Once-through cooling water and cooling tower blowdown may contain the following
pollutants, often in low concentrations, as a result of chlorination and corrosion and erosion of
the piping, condenser, and cooling tower materials: chlorine, iron, copper, nickel, aluminum,
boron, chlorinated organic compounds, suspended solids, brominated compounds, and
nonoxidizing biocides. Although the pollutants present in cooling water-related wastewaters are
often at low concentrations, the overall pollutant mass discharge may be significant due to the
large flow rates of cooling water discharges at steam electric power plants.
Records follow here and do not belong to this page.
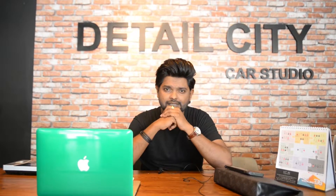Okay guys, now we're gonna start our job on this Aston Martin DB11. Hope you guys enjoy this video. Thanks for watching guys.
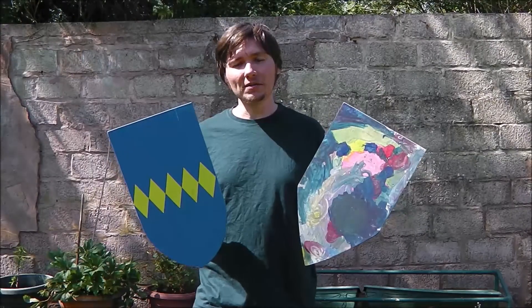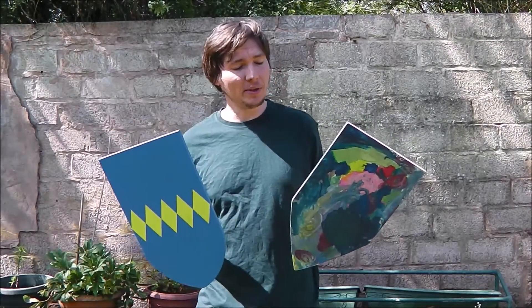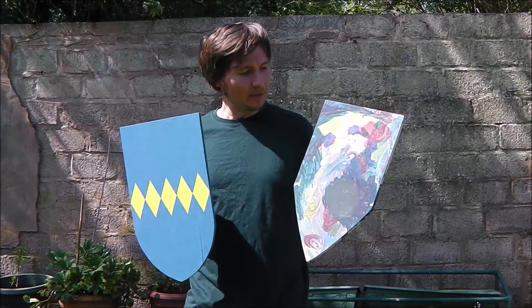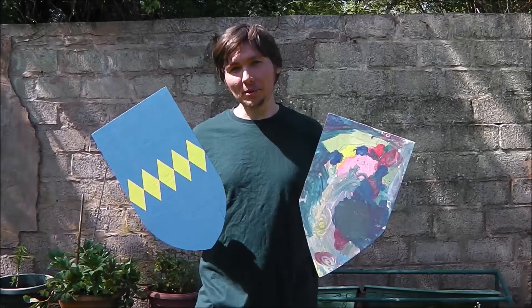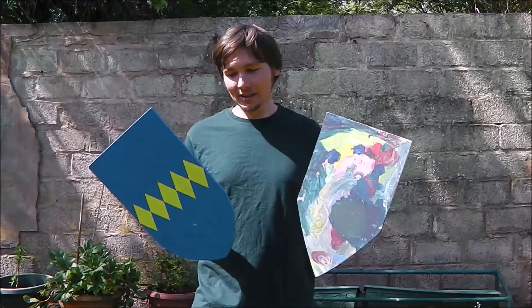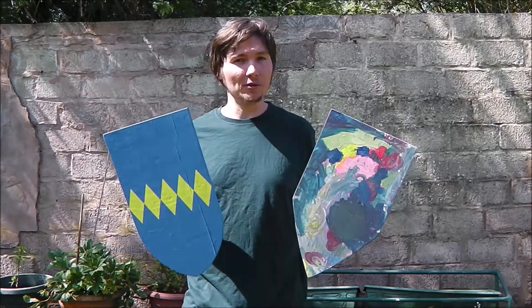That's it done. It's a very easy and very simple thing to do and it's a nice way to entertain your kids. My daughter painted that one herself — she's three. I painted this one myself, I'm a bit older. Everything made using scrap wood, so hopefully you'll find some scrap wood laying around your place so you could do the same.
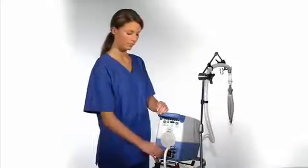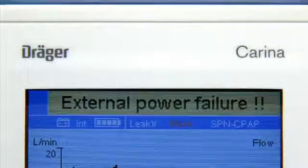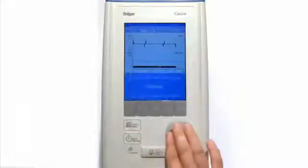Now please disconnect Carina from the external power supply. The alarm external power failure is activated. Next, switch Carina to the standby mode.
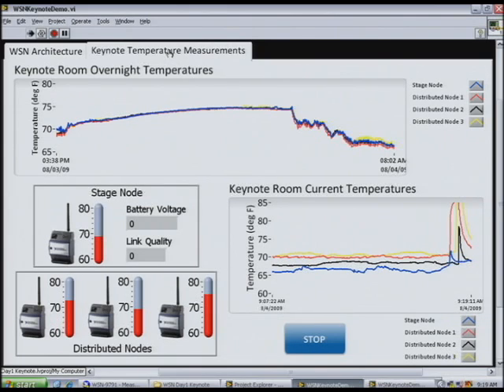We do have some pretty good indoor environmental monitoring measurements as well. This is some data we took overnight at the convention center. You can see that overnight they turned off the AC and allowed the temperature to increase to save energy. Then early in the morning, they turned it way back down to take on the thermal mass of all the NIWeek attendees that would be here this morning. It's good to see it was once warm in this room.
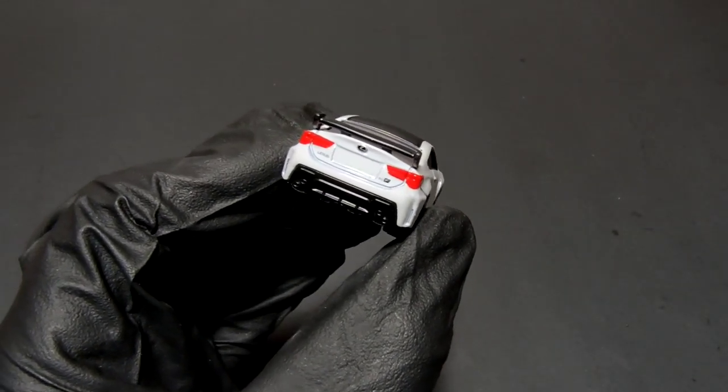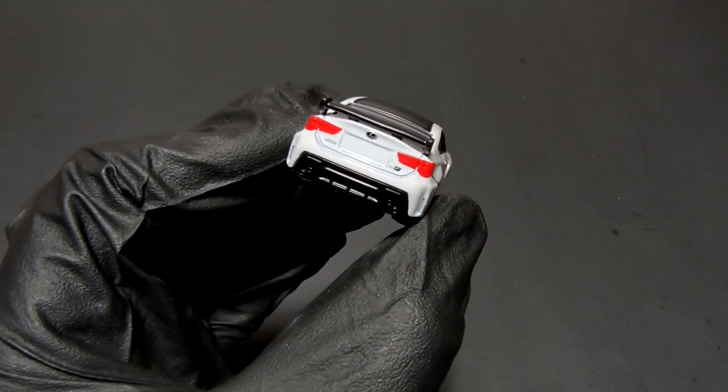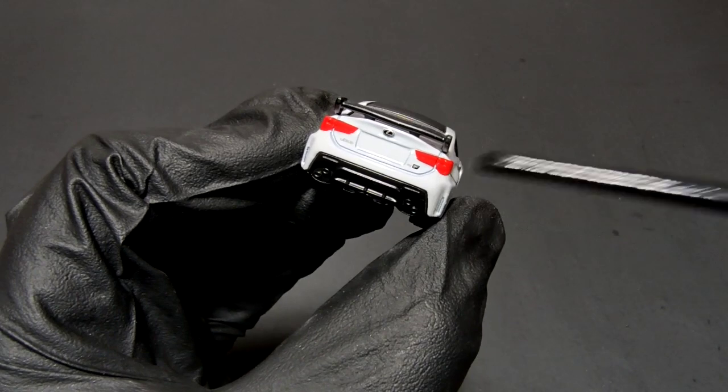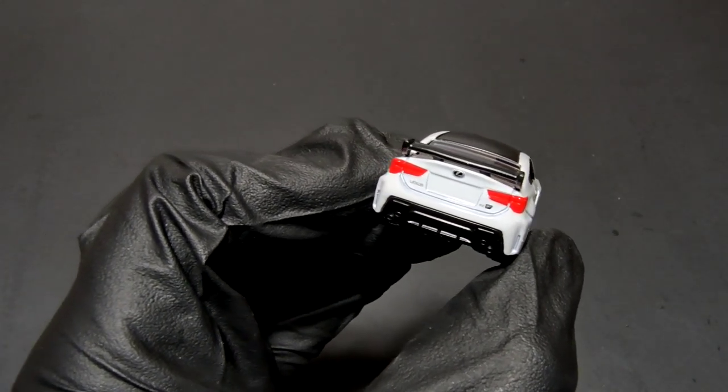Moving to the rear — again you can see detailed tail lamps. You've got the Lexus badge, the RCF badge, and small 'Lexus' lettering below. You've got quad exhausts, which again looks good, plus a diffuser and a big spoiler back there.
Once-through cooling water is the largest volume wastewater discharge at coal-fired
power plants. EPA's data request obtained information on once-through cooling water flows
from 15 plants. The once-through cooling water flow rates at these plants ranged from 178 to
1,860 million gallons per day (mgd), with an average discharge rate of 720 mgd. Recirculating
cooling water systems minimize the amount of water used by steam electric plants. On average,
recirculating cooling water systems reduce the cooling water flow rate between 92 and 95
percent compared to once-through cooling systems, depending on the water source [U.S. EPA,
2001]. According to information obtained through the data request, the average cooling tower
blowdown flow rate (for 16 coal-fired power plants and 39 recirculating cooling water systems)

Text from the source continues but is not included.